* _Task instructions_: Locate the line containing "You need to" in the material below. Copy that line and all following lines through the end exactly, omitting any pictures.

* _Entries provided_:
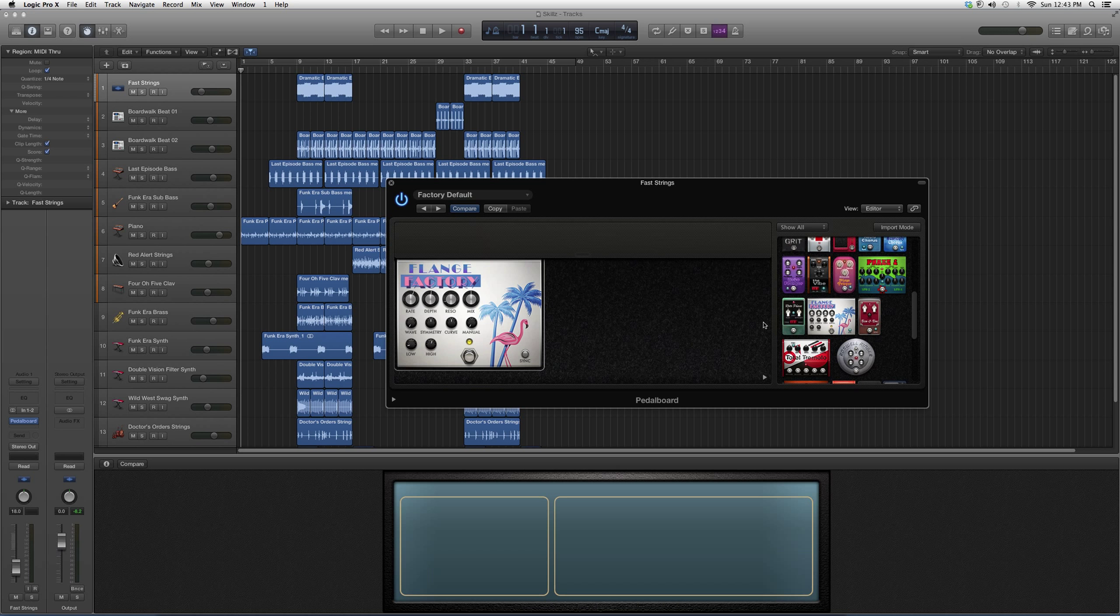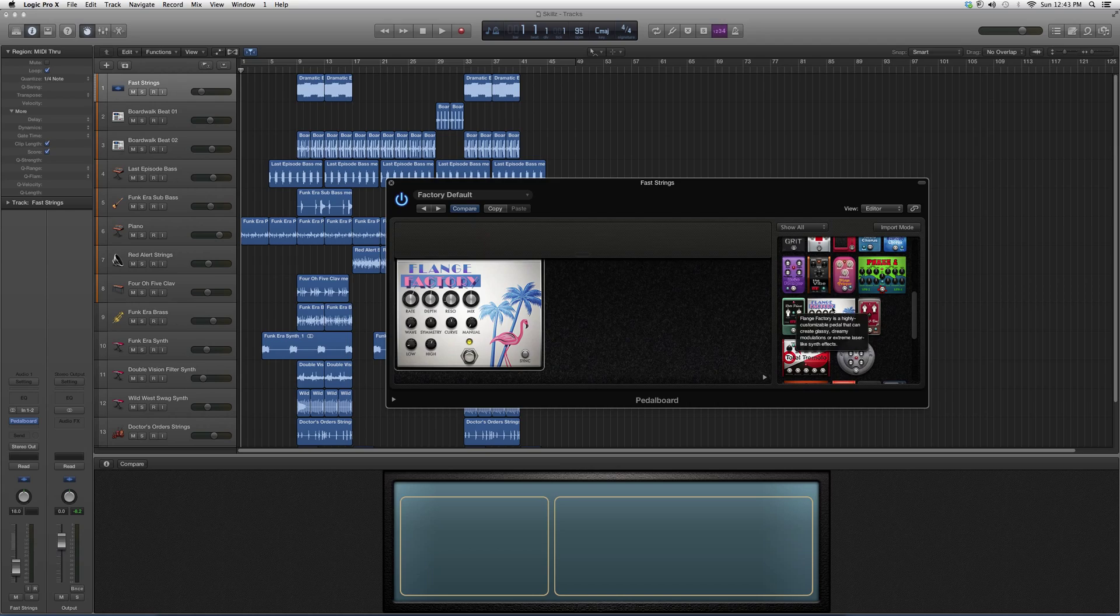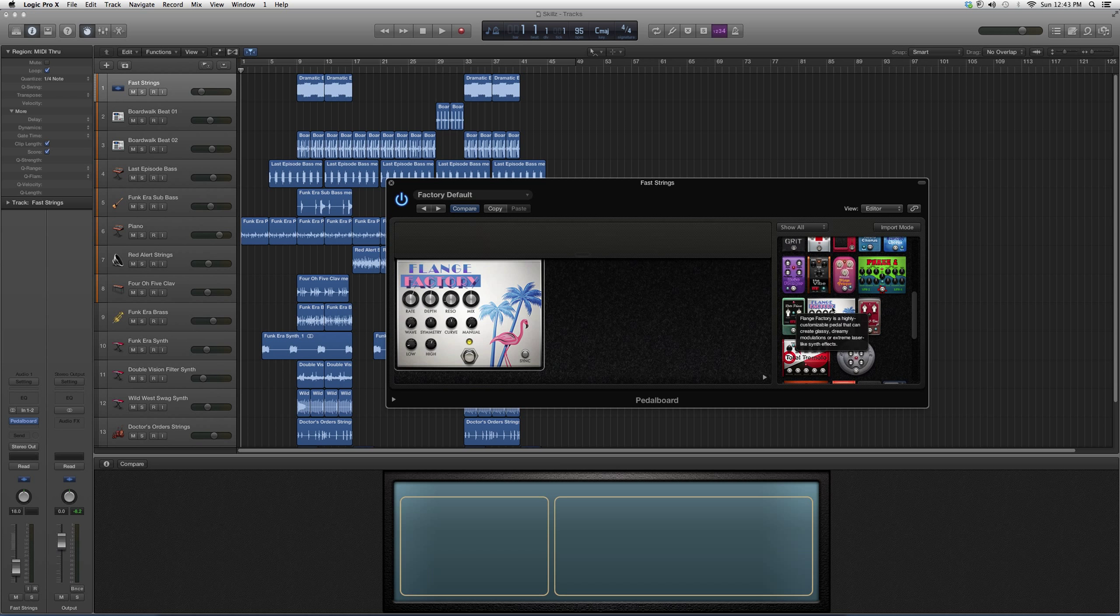So basically, if you don't know what kind of options this gives you, we're going to highlight it. We're going to go over it with the cursor and it's going to read us a little description. Flange Factory is a highly customizable pedal that can create glassy, dreamy modulations or extreme laser-like synth effects. So you automatically know it gives you a really cool effect.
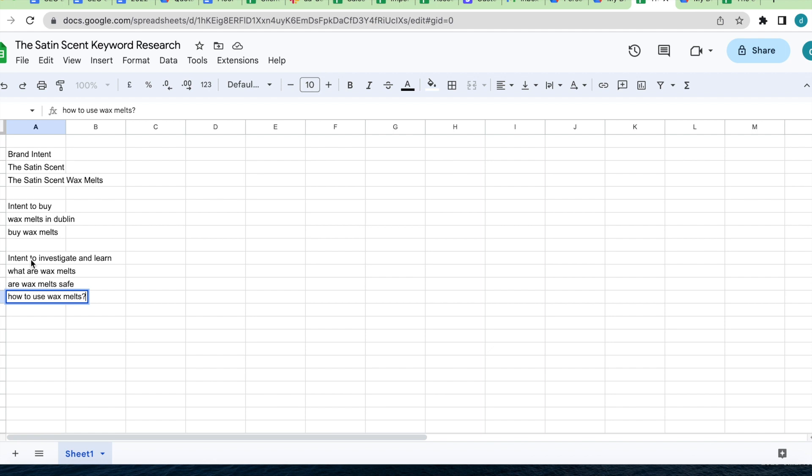So again, they may later go ahead and order wax melts from the website. One of our clients, the Satin Scent, generates a lot of traffic from their online blog. So again, people might search on Google what are wax melts or wax melts safe, keywords like that. They find the Satin Scent blogs or Satin Scent website pages, and then they go on later on to actually purchase wax melts. So again, they've done a lot of questions.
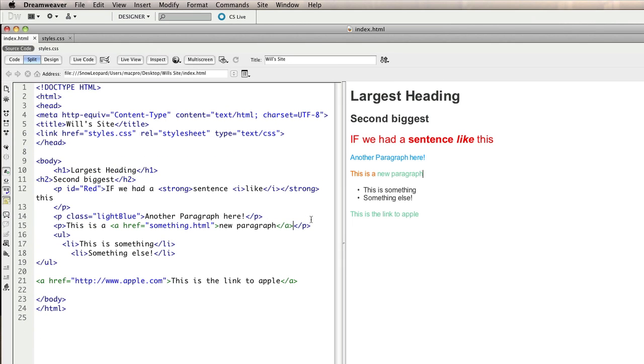The next thing we'll do is move on to using division tags for laying out areas on the page.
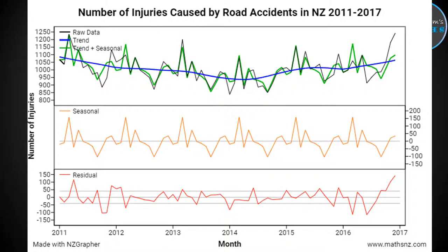There is a lot of information going on here, and we'll just talk through the things that you already know. So the number of injuries caused by road accidents in New Zealand from 2011 through to 2017 — this is the same data used in the seasonal video just before this one. We've got data from each of the months for each of the years, covering six years in total. The first thing to talk about is the trend line — the dark blue line right here.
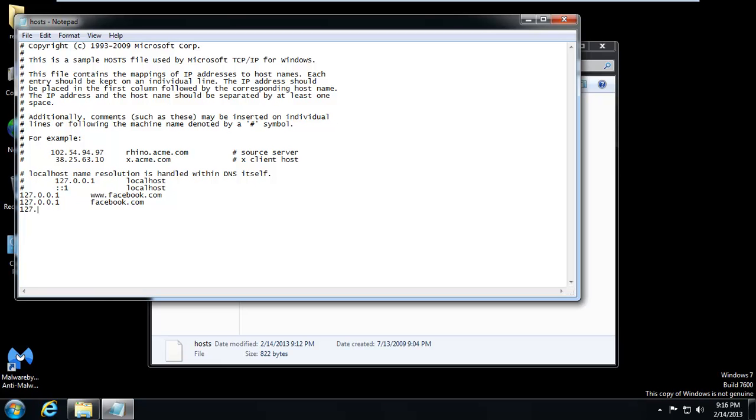And we're going to keep adding these 127.0.0.1s. And we're going to do www.pandora.com. And we're going to do another one for just pandora.com. The www does make a difference.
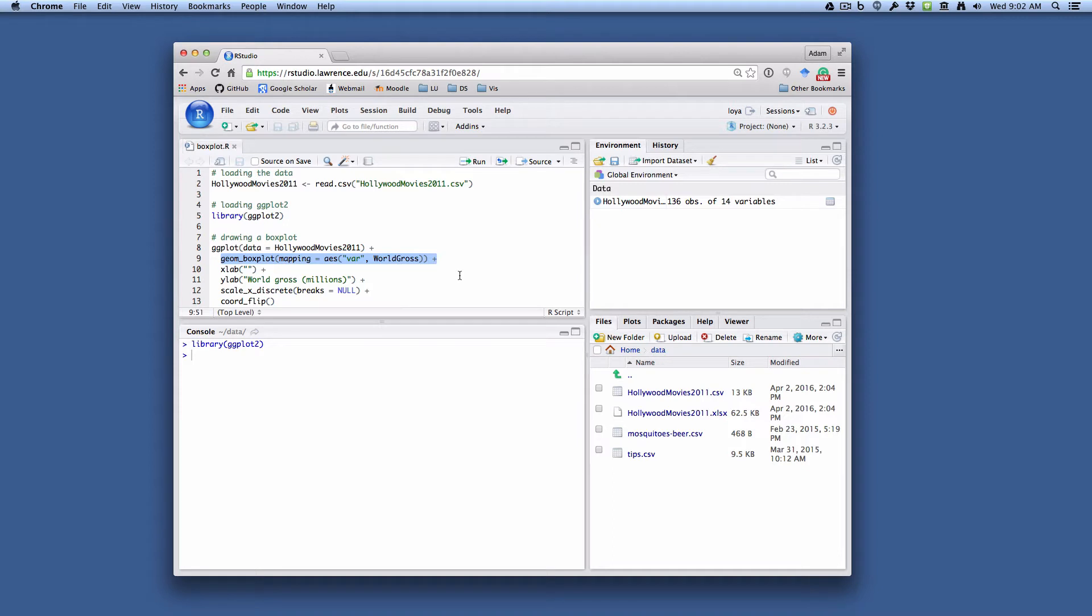We have to make this look a little bit different than we had before. For example, I want to draw a box plot of the world gross for the Hollywood movies in 2011. In order to do this,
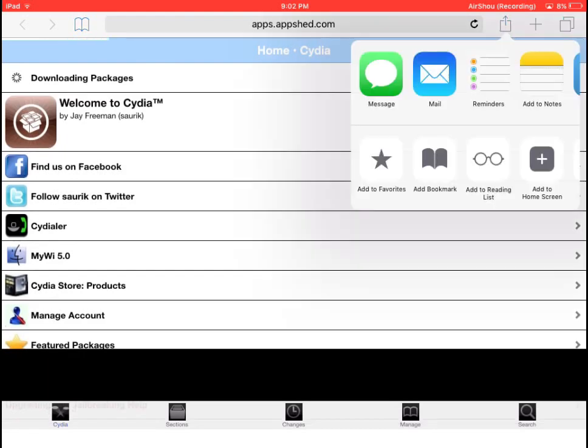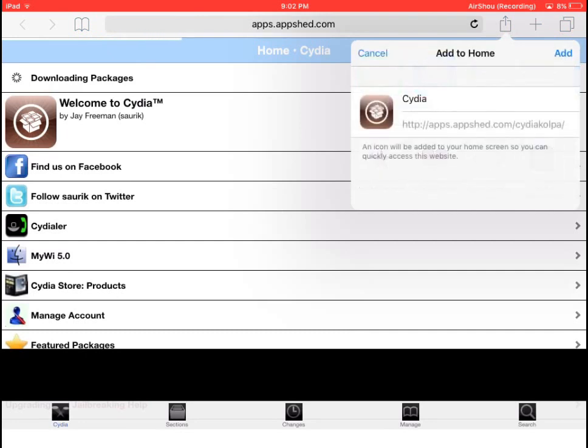You need to click the icon in the top right corner and click add to home screen.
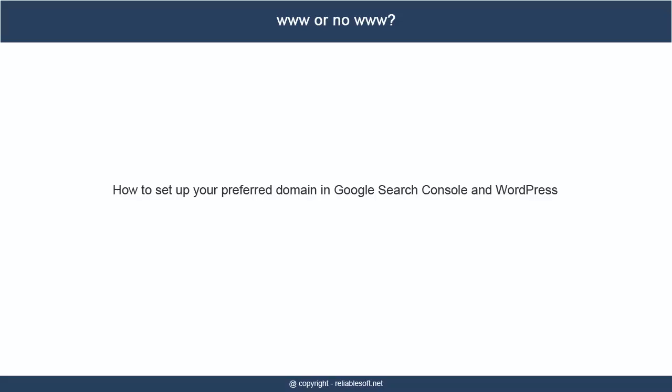Tutorial: How to Set Up Your Preferred Domain in Google Search Console and WordPress.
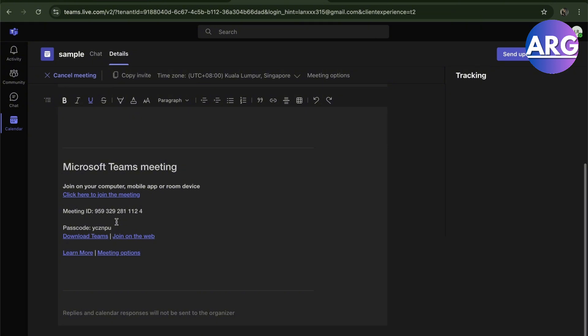So there you go guys, you don't have to edit it, it's already here. You can just provide this to your team in Microsoft Teams. That is how you create a meeting ID and password in Microsoft Teams. If this video was helpful, please hit the like button and don't forget to subscribe.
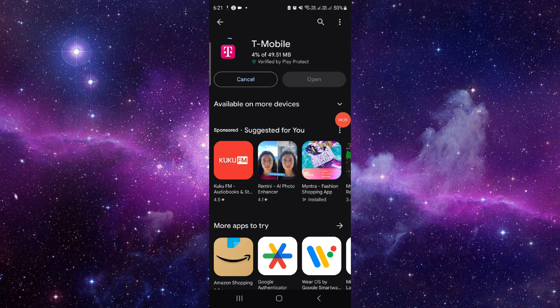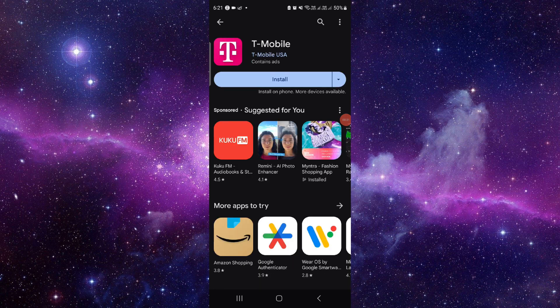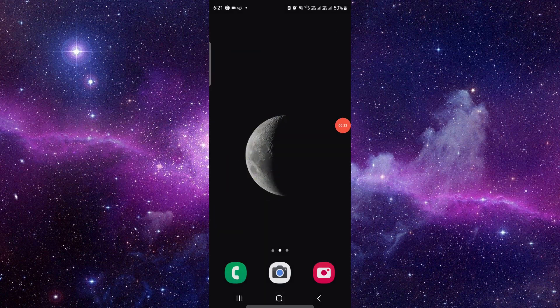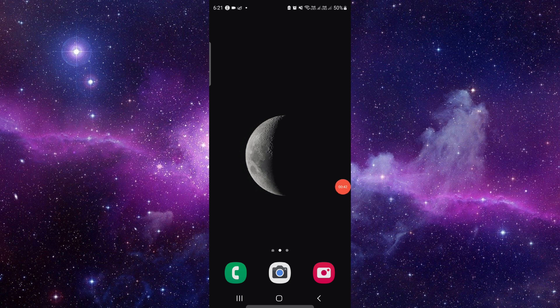So this is how to download and install the T-Mobile app. And if you find this video helpful, make sure you like, subscribe, and share the video. Thank you for watching.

* _Reply to the task_:
You need to click the icon in the top right corner and click add to home screen.
Tutorial: How to Set Up Your Preferred Domain in Google Search Console and WordPress.
So there you go guys, you don't have to edit it, it's already here. You can just provide this to your team in Microsoft Teams. That is how you create a meeting ID and password in Microsoft Teams. If this video was helpful, please hit the like button and don't forget to subscribe.
So this is how to download and install the T-Mobile app. And if you find this video helpful, make sure you like, subscribe, and share the video. Thank you for watching.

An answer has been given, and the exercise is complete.